Personal information
- Born: 15 December 1992 (age 33) Loenhout, Antwerp, Belgium
- Height: 183 cm (6 ft 0 in)
- Weight: 65 kg (143 lb)

Sport
- Country: Belgium
- Sport: Triathlon

Medal record
Men's triathlon
Representing Belgium
European Championships
| Bronze medal – third place | 2018 Glasgow | Individual |
| Bronze medal – third place | 2018 Glasgow | Mixed team relay |
Military World Games
| Silver medal – second place | 2019 Wuhan | Individual |
Super League Triathlon
| Gold medal – first place | London 2021 | SLT Arena Games |
| Gold medal – first place | Rotterdam 2021 | SLT Arena Games |

= Marten Van Riel =

Belgian triathlete

Marten Van Riel (born 15 December 1992) is a Belgian triathlete.

==Biography==
Van Riel was born in Loenhout, Antwerp.
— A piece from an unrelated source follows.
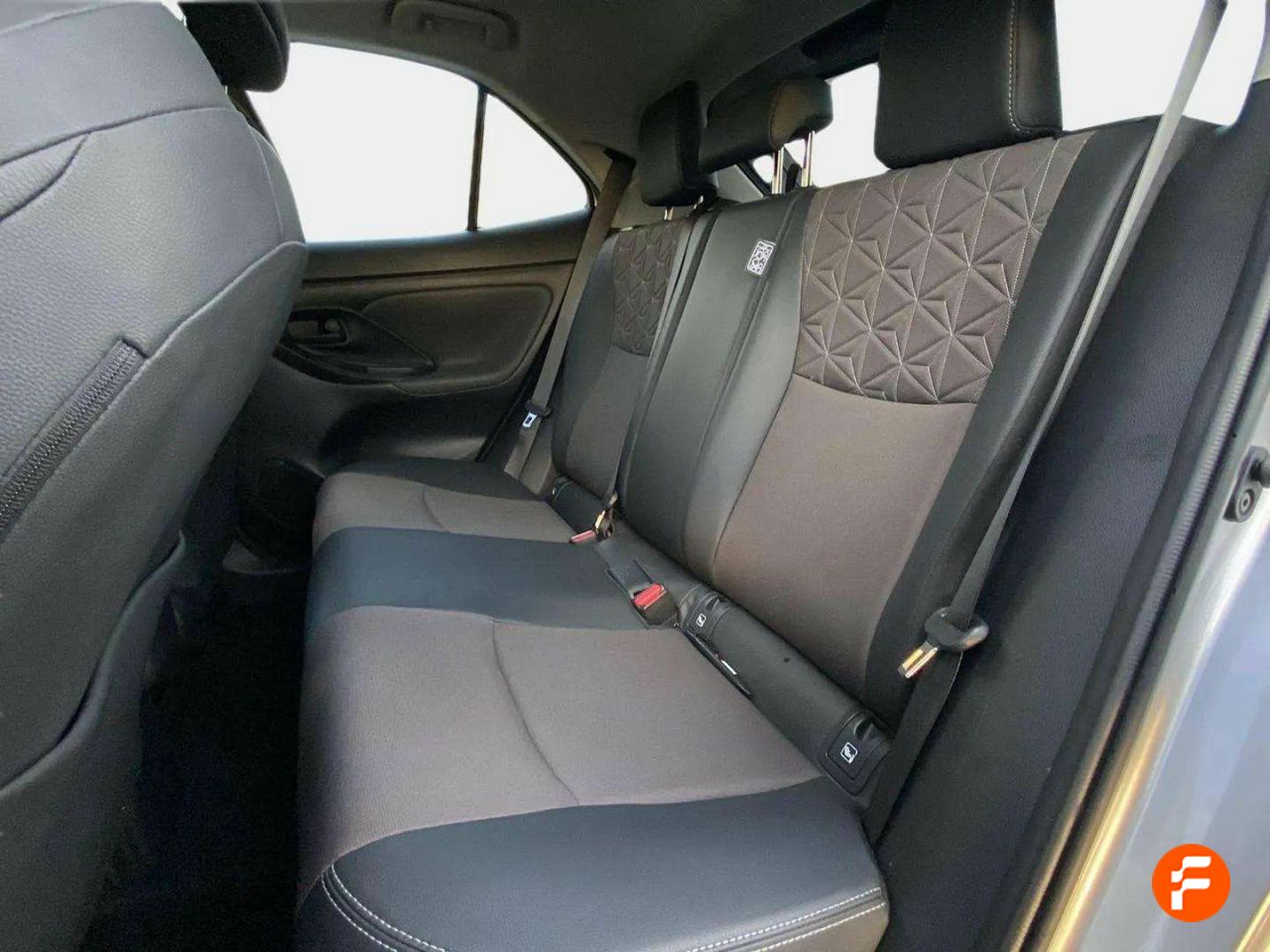 Foto Toyota Yaris 17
He competed in the men's event at the 2016 Summer Olympics. He ended sixth. In 2018, he won bronze medals at the 2018 European Triathlon Championships in the men's individual and mixed team relay events. He competed in Triathlon at the 2020 Tokyo Olympic Games and finished 4th and at the 2024 Paris Olympic Games and finished 22nd.

In 2019, he won the silver medal in the men's triathlon at the 2019 Military World Games held in Wuhan, China.

Van Riel also competes in Super League Triathlon. He won both of the Super League Triathlon Arena Games races in 2021.

In March 2022, Marten Van Riel won the Ironman 70.3 in Dubai. He complete the race in 3h27'40.

In 2024, Marten Van Riel became the first T100 World Champion. He finished second once and first three times during the season, including the Grand Final in Dubai.